Na próxima reportagem desta série, que será publicada em agosto, falaremos sobre a recria intensiva a pasto (RIP) de fêmeas, visando a antecipação do primeiro parto.

Sucesso “porteira a dentro”

A RIP (recria intensiva a pasto) tem sido usada por um número cada vez maior de pecuaristas, devido a seus excelentes resultados. Um levantamento realizado em 10 fazendas, por Guilherme Martini Bueno, consultor técnico da Agroceres em Mato Grosso, constatou ganhos de 650 g a 1,3 kg/cab/dia na RIP, mesmo sob lotações altas (4 a 7 UA/ha nas águas). Bueno informa que, nessas propriedades, os animais desmamados foram colocados em pastos de melhor qualidade, com direito à suplementação mais pesada, para aumentar a taxa de lotação. Os animais receberam ração contendo 20%-23% de proteína bruta, de forma a respeitar sua curva de crescimento e evitar deposição antecipada de gordura.

“RIP deixa lotes mais homogêneos” Guilherme Martini Bueno, consultor técnico da Agroceres no Mato Grosso.

As fazendas usavam (e ainda usam) cochos de “boca larga”, para receber maior quantidade de alimento, já que o trato é feito de duas a três vezes por semana. O espaçamento adotado era de 25-30 cm lineares/cab. As rações eram compostas principalmente por milho moído e coprodutos como torta ou caroço de algodão (empregados na proporção de 23%-25%), DDG (25%), além de casca de soja (15%-18%).

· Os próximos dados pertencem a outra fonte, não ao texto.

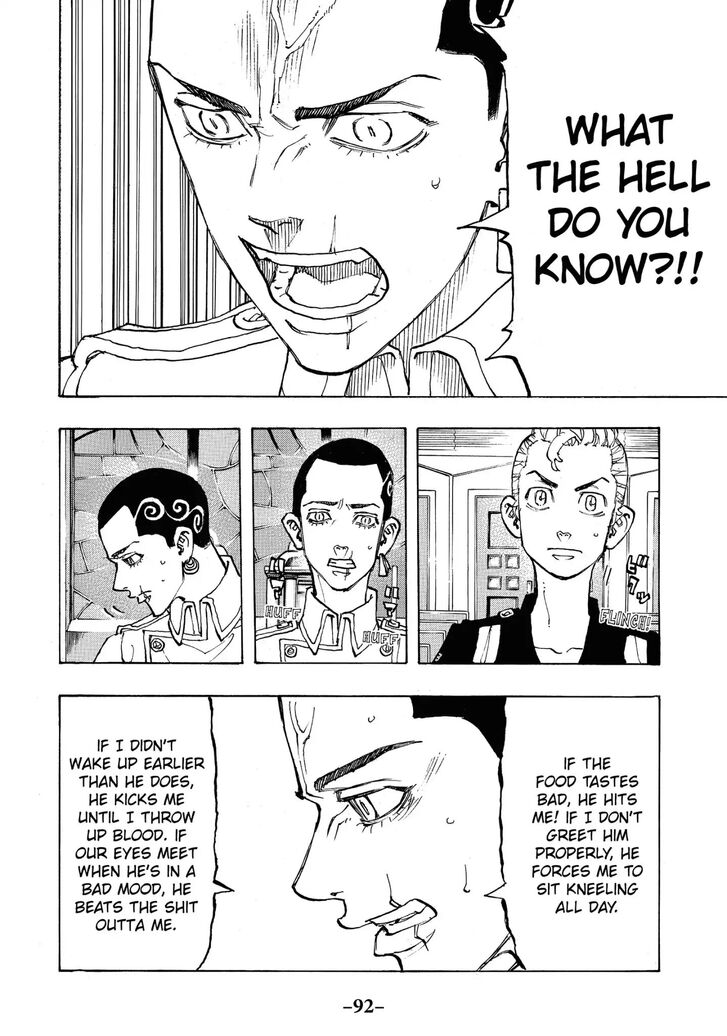 Read Tokyo Revengers En Manga Online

Havia também quem comprasse rações prontas ou apenas ingredientes proteicos, estes misturados com fontes energéticas na fazenda. Tudo dependia das oportunidades de mercado e da estrutura operacional da propriedade.

A maioria dos pecuaristas do levantamento feito por Bueno já fazia terminação intensiva a pasto antes de aderir à RIP. Muitos recorreram à técnica porque os animais estavam chegando muito leves à fase de engorda, exigindo longo período de terminação, o que aumentava os custos. Como já tinham fábrica de ração, cochos maiores cobertos e logística de distribuição do suplemento por causa da TIP, bastou fazer alguns ajustes e investimentos complementares para tratar os animais na recria. “O único fator limitante foi uma eventual carência de mão de obra para abastecimento diário dos cochos, mas contornamos esse problema incorporando um modulador de consumo à ração, que regula a ingestão de alimento e possibilita fazer tratos a cada dois ou três dias”, explica Bueno.

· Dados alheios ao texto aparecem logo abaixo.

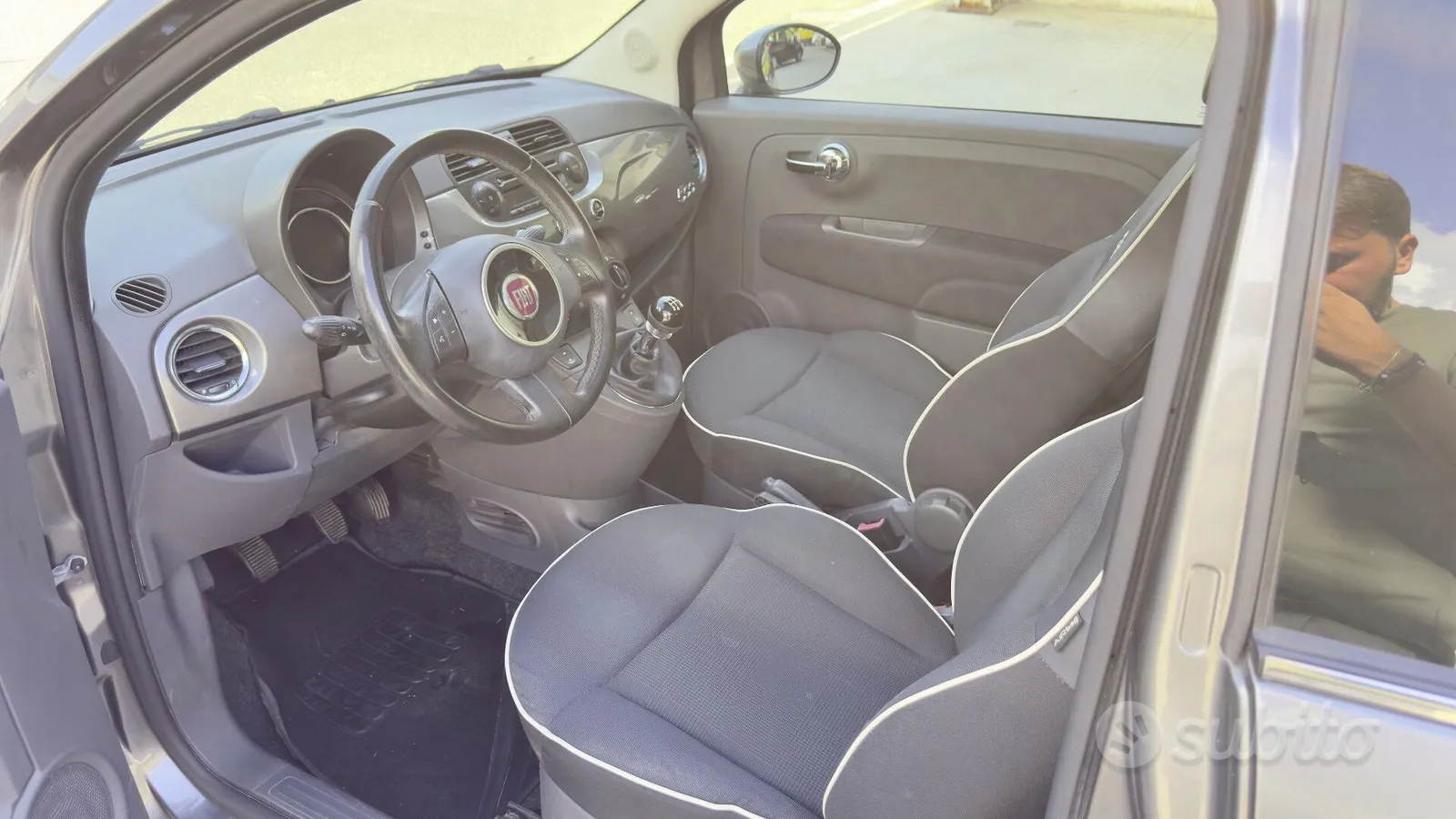 Fiat 500 2015 photo 5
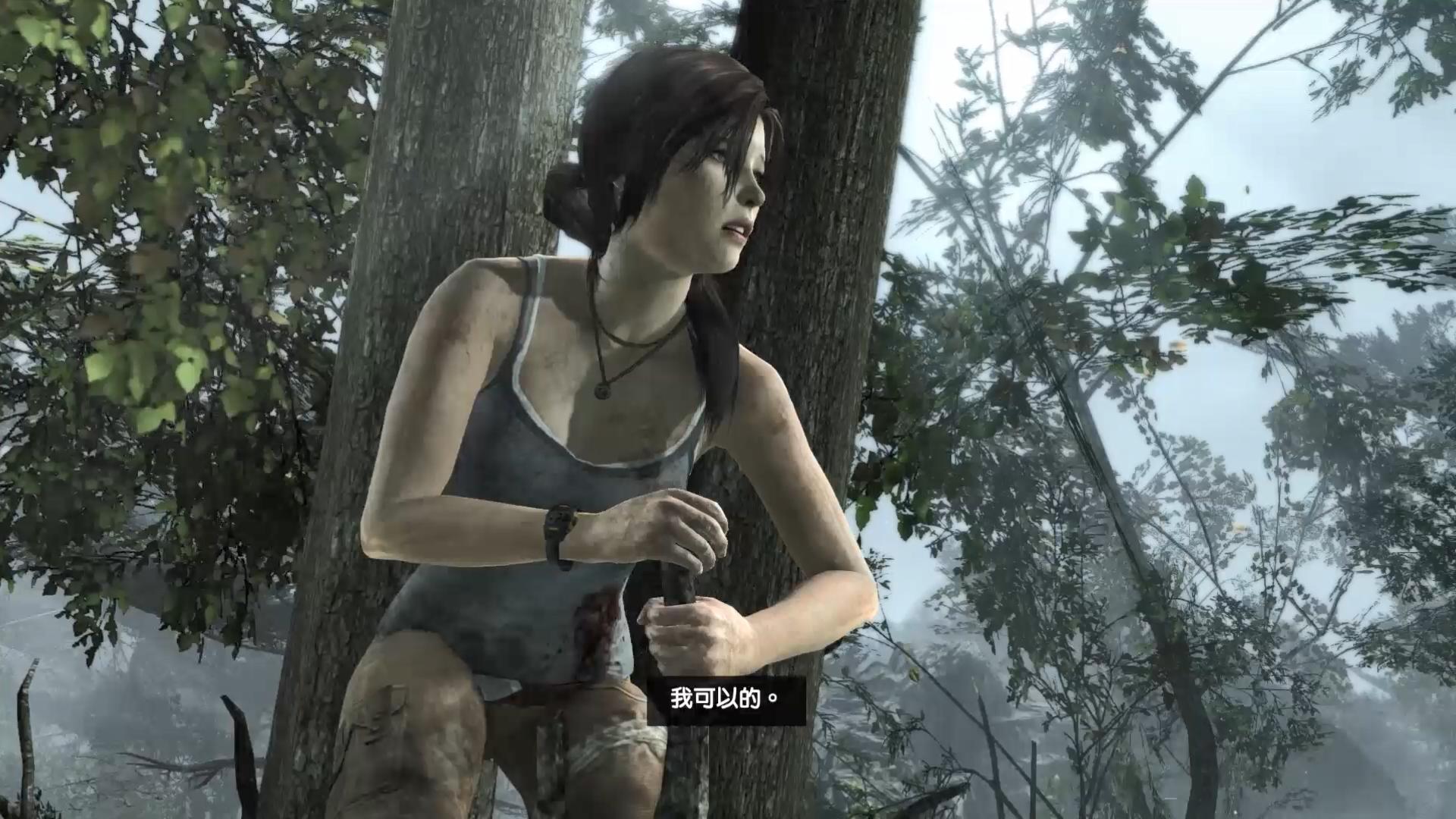 古墓丽影9的巨人,古墓丽影9崛起剧情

foto pertencente ao artigo sobre recria intensiva a pasto
Médias observadas nas fazendas
Lotação:4-6 cab/ha (águas)
Nível de suplementação:0,5-1% PV
Ganho médio de peso:650 g a 1,3 kg/cab/dia
Espaçamento de cocho:25-30 cm lineares/cab
Teor de proteína da ração:20% as 23% PB

Autora: Maristela Franco, editora chefe da Revista DBO.